The jist of it was to make int math work kinda like float math. Where everything is promoted to the largest type in the expression and if truncation happens, so be it.

int a = 1;
int b = 2;
float f = 1/2; // f == 0, we know this and are ok with it

byte a = 127;
byte b = 1;
byte c = a + b; // this should just wrap and assign!


Of course it is slightly different than C. C, the ruiner of all good things.
February 05, 2018
On 2/5/2018 12:45 PM, H. S. Teoh wrote:
> Sticking to C promotion rules is one of the scourges that continue to
> plague D;

It's necessary.
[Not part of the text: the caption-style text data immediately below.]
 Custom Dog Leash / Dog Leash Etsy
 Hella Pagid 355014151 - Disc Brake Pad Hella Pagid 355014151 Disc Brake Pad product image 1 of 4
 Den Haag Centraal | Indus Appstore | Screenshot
Working C expressions cannot be converted to D while introducing subtle changes in behavior.

> another example is char -> byte confusion no thanks to C
> traditions:
> 
> 	int f(dchar ch) { return 1; }
> 	int f(byte i) { return 2; }
> 	void main() {
> 		pragma(msg, f('a'));
> 		pragma(msg, f(1));
> 	}
> 
> Exercise for reader: guess compiler output.
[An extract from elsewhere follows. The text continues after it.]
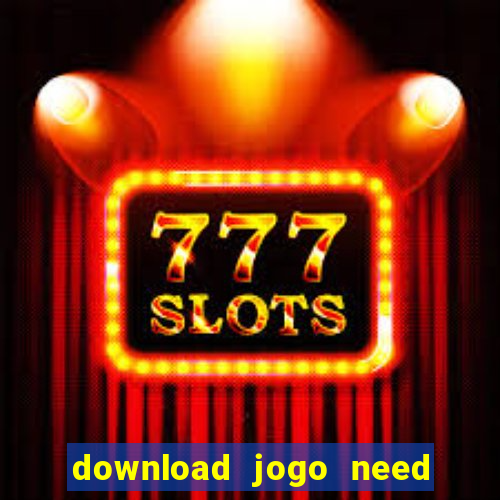 download jogo need for speed underground 2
'a' and 1 do not match dchar or byte exactly, and require implicit conversions. D doesn't have the C++ notion of "better" implicit conversions for function arguments, instead it uses the "leastAsSpecialized" C++ notion used for template matching, which is better.
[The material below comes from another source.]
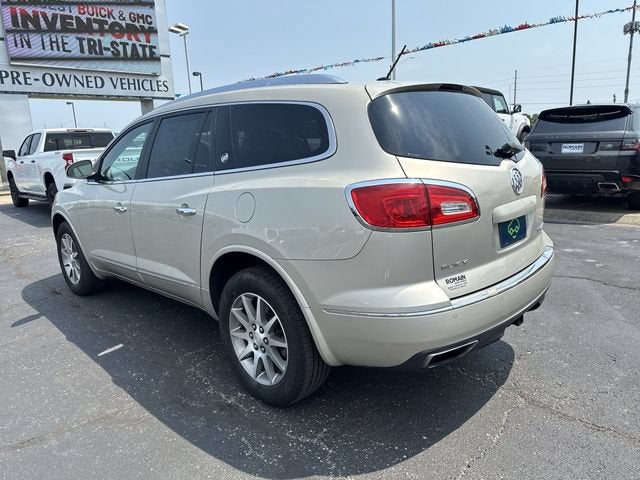 2015 Buick Enclave Leather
The idea is a byte can be implicitly converted to a dchar, but not the other way around. Hence, f(byte) is selected as being the "most specialized" match.
February 05, 2018
On 2/5/18 3:45 PM, H. S. Teoh wrote:
> On Mon, Feb 05, 2018 at 03:23:20PM -0500, Steven Schveighoffer via Digitalmars-d wrote:
>> On 2/5/18 2:30 PM, H. S. Teoh wrote:
>>> Even better yet:
>>>
>>> 	byte b;
>>> 	b = -b;		// Deprecation error
>>>
>>> WAT????
>>
>> In the future, -b will be typed as an int, so you can't reassign it to
>> b.  You can see this today with -transition=intpomote:
>>
>> Error: cannot implicitly convert expression -cast(int)b of type int to
>> byte
> [...]
> 
> Honestly, this just makes narrow int types basically useless when it
> comes to any arithmetic at all.

They already are:

b = b + 1; // error.

But I can't see why there is controversy over negation of byte turning into an int. I can't see why anyone would expect:

int x = -b;

when b is -128, to set x to -128. The integer promotion makes complete sense to me.

> Sticking to C promotion rules is one of the scourges that continue to
> plague D;

C promotion rules came along with the feature of assigning the result back to a byte. D got rid of that "convenience", and I think it was a good decision. I hardly ever finding myself regretting the compiler telling me that I'm about to throw away information.

> another example is char -> byte confusion no thanks to C
> traditions:
> 
> 	int f(dchar ch) { return 1; }
> 	int f(byte i) { return 2; }
> 	void main() {
> 		pragma(msg, f('a'));
> 		pragma(msg, f(1));
> 	}
> 
> Exercise for reader: guess compiler output.

char and byte should not ever mix, IMO. char and dchar should not ever mix either. There have been some nasty bugs in phobos due to the fact that char auto-promotes to dchar.